Verizon Communications Inc. (VZ) – In a landscape where Sprint Nextel Corp. (S) is struggling to compete (and a network upgrade should up its profit margin by 10% over the next few years) and AT&T may reaches 132 million subscribers by acquiring T-Mobile, Verizon (VZ) is efficiently delivering cost-effective services to its nearly 100 million subscribers.
VZ stock traded in a 52-week range of $29.69 to $38.95. Ist highest price of $45.60 was recorded on October 22, 2007. Its current price is $35.24.
VZ's price-to-earnings ratio, at 15.95, is more relevant to the industry, but not as efficient as AT&T's. If we analyze more accurately, VZ is perfectly valued at 1.85 of its PEG ratio, which is equal to the industry, where T seems overvalued at 3.15. Profit margin and return on equity of VZ are 5.91% and 16.23%, respectively. Verizon is yielding earnings per share of $2.23, which is better than industry average.

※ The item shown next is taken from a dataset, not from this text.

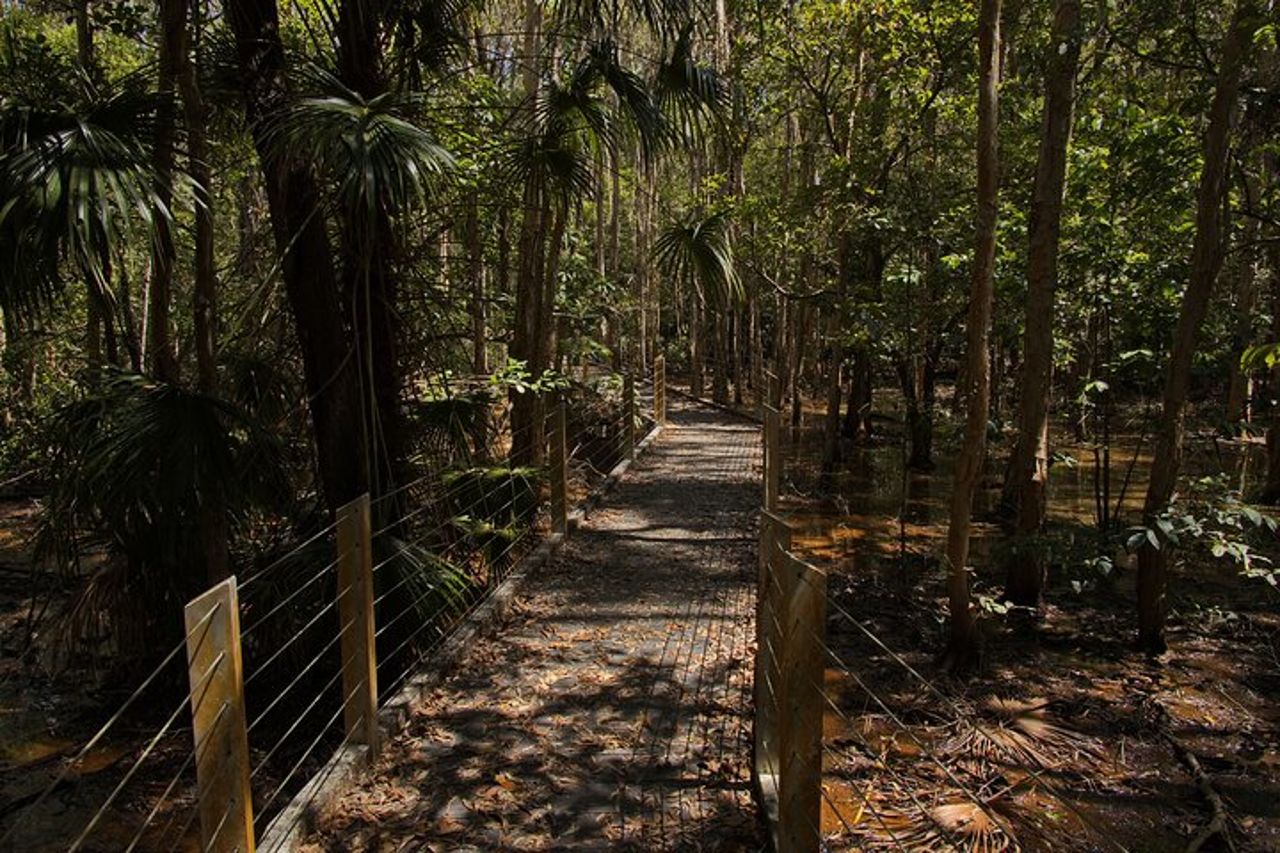 Darwin Private Shore Tour: Safari con coccodrillo selvatico e diga di Fogg — 5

Shares of Verizon have dropped from $38.61 to $33.12 in the past five months, and the stock is now considered cheap and attractive, with a payout ratio of 102.0% and a yield of 5.50%, to rational investors. Moreover, for the fifth consecutive year, VZ's board approved a 2.6% increase to its quarterly dividend. I rate Verizon stock as a buy.
Telefonica, S.A. (TEF) stock has been trading in a 52-week range of $18.63 to $27.61. The stock is selling at around $20 of late, and would make a cheap addition to many portfolios.
The recent economic downturn in Spain forced TEF's estimate of its operating margin to decline over the next three years from 38% earned in 2010. But the company expects an operating margin of between 30% and 40% at any cost. Hopefully the revenue decline in Spain is compensated for by its Latin American region business unit. TEF expects its annual revenue will grow at least 1% to 4% for next three years.
TEF has high return on equity, payout ratio and yield of around 40%, 182% and 8.60%, respectively. Its price-to-earnings ratio of 6.62 is the lowest among its competitors, including VOD, AMX and BT, demonstrating a cheap price; current earnings-per-share of $3.02 is twice the industry average. Most importantly, the five-year expected PEG ratio of TEF at -3.35 is too undervalued. I rate Telefonica S.A. as a buy.
Eni S.p.A. (E) stock saw a downward shift in price last week: It sold at $36.85 Friday, quite cheap for a major integrated oil & gas company with a 52-week range of $33.93 to $53.80.
Eni S.p.A., an Italian oil giant, faced a temporary crisis when Libyan natural gas pipeline Greenstream was shut down and remained inoperative. Chief Executive Paolo Scaroni of Eni said in an interview that the company hopes to reopen the Greenstream pipeline. Scaroni is confident that Eni can get its Libyan oil and gas fields up and running pretty quickly, perhaps by the end of the 2012.
E’s earnings per share of $4.71 is less than that of XOM. Its price-to-earnings ratio of 7.90 is efficient enough among competitors and the industry a as whole, and its PEG ratio is 0.96. Eni boasts attractive profit margin and return on equity of 5.80% and 13.24%, respectively. Plus, recent payout ratio and dividend yield recorded for E are 59.0% and 5.60% respectively. Eni S.p.A., a dirt-cheap dividend stock, can certainly be rated as a buy.